Revolutionising genetic medicine: targeting microbiome with synthetic DNA payloads

Duportet said most current genetic medicines focus on correcting or adding genes into eukaryotic cells.

“We are one of the only companies in the world developing genetic medicines to edit the genetic makeup of the microbiome,” he stated.

He added that to deliver genetic cargo to the microbiome bacteria, bacteriophages are used, essentially as a shell.

“We remove all its natural genetic components, and instead, we package in the shell of the virus a completely synthetic DNA payload. So once we have this viral particle that contains our synthetic DNA payload, we use it to deliver the payload in specific bacterial populations of the microbiome. “And the payload itself is modular in terms of what we can encode in the payload.
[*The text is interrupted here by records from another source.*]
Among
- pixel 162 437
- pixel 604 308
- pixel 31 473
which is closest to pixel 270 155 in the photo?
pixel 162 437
We started by encoding in this payload the CRISPR-Cas system, so the nuclease and the guide RNAs, now we have also demonstrated that we can package base editors that we use to not kill bacteria in the microbiome, but instead edit their genome.
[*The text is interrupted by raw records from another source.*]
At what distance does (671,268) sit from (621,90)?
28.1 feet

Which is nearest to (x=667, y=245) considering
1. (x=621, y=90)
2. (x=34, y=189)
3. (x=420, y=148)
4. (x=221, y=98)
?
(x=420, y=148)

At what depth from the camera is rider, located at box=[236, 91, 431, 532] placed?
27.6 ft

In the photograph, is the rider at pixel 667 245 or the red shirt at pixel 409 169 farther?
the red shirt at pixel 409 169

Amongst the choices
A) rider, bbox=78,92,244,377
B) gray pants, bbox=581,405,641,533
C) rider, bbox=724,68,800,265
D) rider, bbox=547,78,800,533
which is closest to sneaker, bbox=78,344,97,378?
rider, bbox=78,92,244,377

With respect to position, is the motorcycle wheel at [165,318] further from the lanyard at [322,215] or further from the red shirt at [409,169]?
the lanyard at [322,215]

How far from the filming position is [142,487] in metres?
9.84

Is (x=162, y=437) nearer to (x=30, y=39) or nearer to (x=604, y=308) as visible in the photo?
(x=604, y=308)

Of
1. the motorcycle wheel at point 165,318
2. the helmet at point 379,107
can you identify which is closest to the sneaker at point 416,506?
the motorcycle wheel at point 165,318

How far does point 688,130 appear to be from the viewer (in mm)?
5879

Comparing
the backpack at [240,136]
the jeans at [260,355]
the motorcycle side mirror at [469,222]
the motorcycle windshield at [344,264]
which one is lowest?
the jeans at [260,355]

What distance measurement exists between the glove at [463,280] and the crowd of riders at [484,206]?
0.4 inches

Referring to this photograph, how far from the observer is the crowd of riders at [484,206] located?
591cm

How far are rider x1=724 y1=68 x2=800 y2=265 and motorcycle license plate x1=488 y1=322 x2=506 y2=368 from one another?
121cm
“So, whether it is to modify one base pair in a protein to inactivate the catalytic site of an enzyme, or to increase or lower the production of a molecule from this bacteria in the body.”

Duportet said mutating bacteria can be useful for applications where the bacteria associated in driving a disease cannot be eradicated from the microbiome.
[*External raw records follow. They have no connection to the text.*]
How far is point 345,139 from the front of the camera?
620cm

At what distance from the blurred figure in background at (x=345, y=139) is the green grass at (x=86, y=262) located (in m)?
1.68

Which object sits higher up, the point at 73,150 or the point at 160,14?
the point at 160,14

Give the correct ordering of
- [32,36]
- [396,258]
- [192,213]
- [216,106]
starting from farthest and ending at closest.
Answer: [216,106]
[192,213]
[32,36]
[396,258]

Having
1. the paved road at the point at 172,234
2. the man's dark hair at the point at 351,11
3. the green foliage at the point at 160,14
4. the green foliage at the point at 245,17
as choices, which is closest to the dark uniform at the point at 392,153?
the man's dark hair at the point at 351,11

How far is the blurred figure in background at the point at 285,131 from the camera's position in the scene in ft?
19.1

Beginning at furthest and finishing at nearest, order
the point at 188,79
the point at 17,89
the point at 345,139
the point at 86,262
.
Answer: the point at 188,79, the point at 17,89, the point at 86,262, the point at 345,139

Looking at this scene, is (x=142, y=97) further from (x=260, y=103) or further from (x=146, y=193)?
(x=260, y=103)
He explained that the third type of payload will enable the local expression of a molecule in the microbiome.

“We basically turn microbiome populations into local drug factories. And so this really enables us to produce, whether it is nanobodies or small molecules, very locally where the bacterial population we’re targeting is residing, whether it’s on the skin, whether close to epithelial cells in the guts, in tumors.”

The microbiome beyond gut health

There are trillions of bacteria living in different parts of the body, including the gut to the skin. Duportet admitted that most of the research has been done on the gut microbiome and gut health. However, this is changing.

Eligo is focused on the skin microbiome, and Duportet said it is now possible to understand the relationship between the expression of specific genes from this microbiome and disease.

“And this is really where we believe the platform technology we have can have a real impact. We have found out that there are some specific genes that are responsible for the driver of lesions in acne and moderate to severe acne vulgaris. Now we’re starting to go at the genetic level and understand one gene or multiple genes, the relationship between one gene or multiple bacterial genes and disease. And I think this precision will really help us design drugs that will actually work to address microbiome-associated diseases.”

Game-changing CRISPR treatment: Eligo’s hope for clearing acne with EB005

EB005 is a first-in-class modality topical CRISPR treatment to treat moderate to severe acne vulgaris.

The skin microbiome contains the bacterium Cutibacterium acnes, which Duportet said represents 80% of the bacteria on the skin in terms of abundance.

“What we’re developing at Eligo is a highly precise CRISPR drug that will be delivered into this bacterial species on the skin. And we’re programming the nuclease to specifically target regions in the bacterial genome that are unique to the subpopulation that is pro-inflammatory. And therefore, the whole goal of the treatment is to destroy these, very specifically, this subpopulation, while leaving the health-associated population of bacteria completely intact.

“When you kill just the inflammatory subpopulation, you free the niche for the healthy population to take over and fill this niche. I think this will be a game changer in the field because it’s going to be safe and efficient and likely durable. And this is what patients are looking for.”

Duportet said the CRISPR treatment for acne will be a locally-applied gel. He hopes the upcoming trial in the U.S. will yield results by 2025.

And more good news for patients – the cost.

“When you hear about CRISPR drugs, you think millions of dollars in pricing, typically,” Duportet said.

“The beauty is that we are producing our modality by classical bacterial fermentation. And so the price of the drugs is also going to be lower.”